# Betta Bowl Moss



## DudeGuy (Feb 14, 2012)

I recently came into the ownership of five adult male bettas. Due to a lack of money and space, I have been keeping them in large (1.5 gallon) fish bowls in a warm (~77 deg F) part of the house. I perform regular maintenance, and the water has stayed crystal clear.
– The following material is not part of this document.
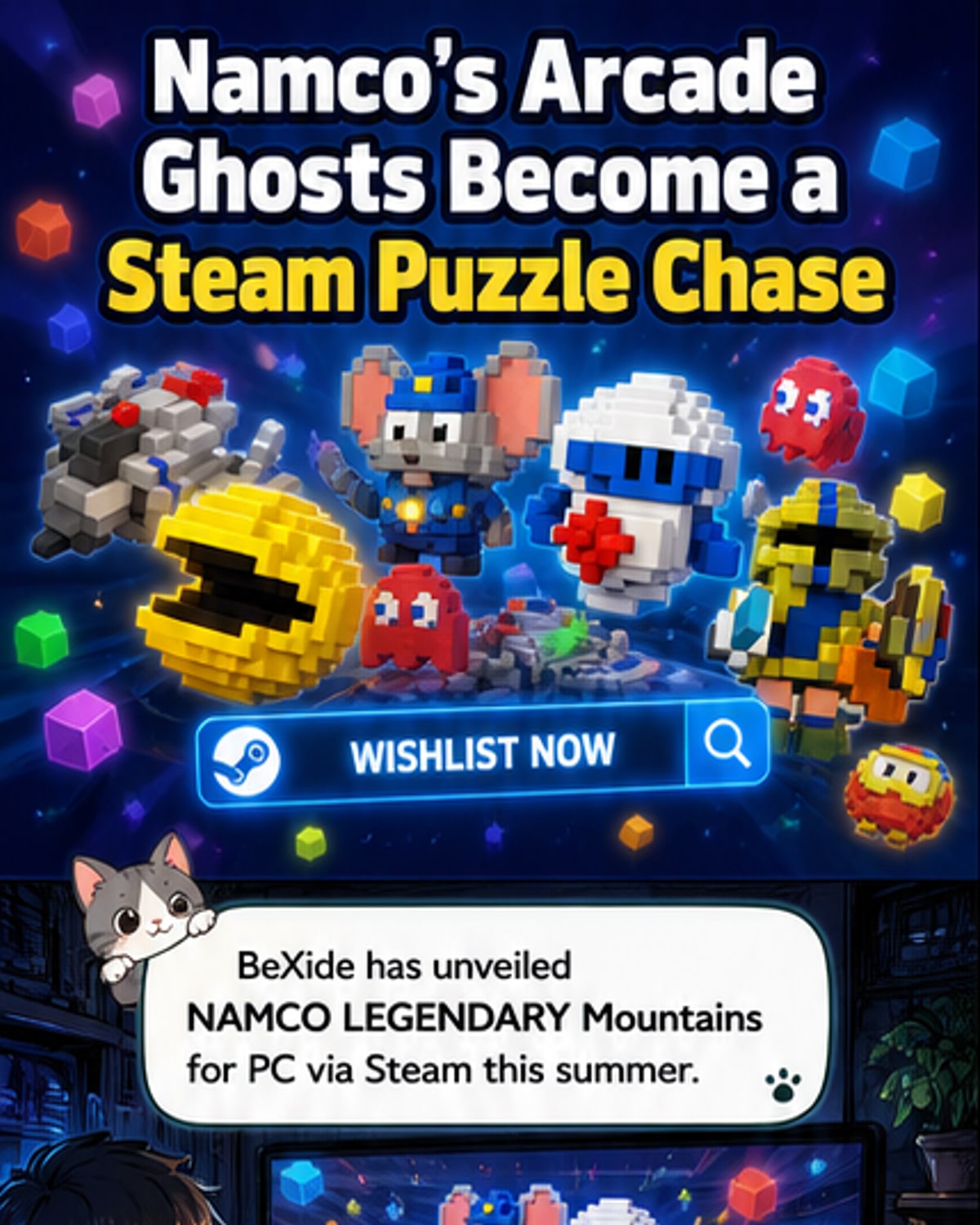 Namco’s Icons Get a Voxel Makeover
I've been told that Java Moss helps to keep nitrite levels down and promotes healthier fish. However, I only have access to Taiwan Moss. Can Taiwan Moss perform a similar job of keeping the water clean?

Thanks for your time.


----------



## bmlbytes (Aug 1, 2009)

Sure thing. The idea is that you get a plant in there. A plant will absorb the ammonias and nitrates, and turn them into nitrogen gas. You will need a good light over each bowl to make sure the plants grow well though.


----------



## DudeGuy (Feb 14, 2012)

Will I need to trim the Taiwan Moss regularly or remove dead parts of it? How does it tend to grow?


----------



## emc7 (Jul 23, 2005)

Take it out and rinse the gunk out (it will collect food and poop) periodically. Split it when there isn't enough swimming room left. You can usually get a buck for a ball of it. It it changes color, throw dead parts out.


----------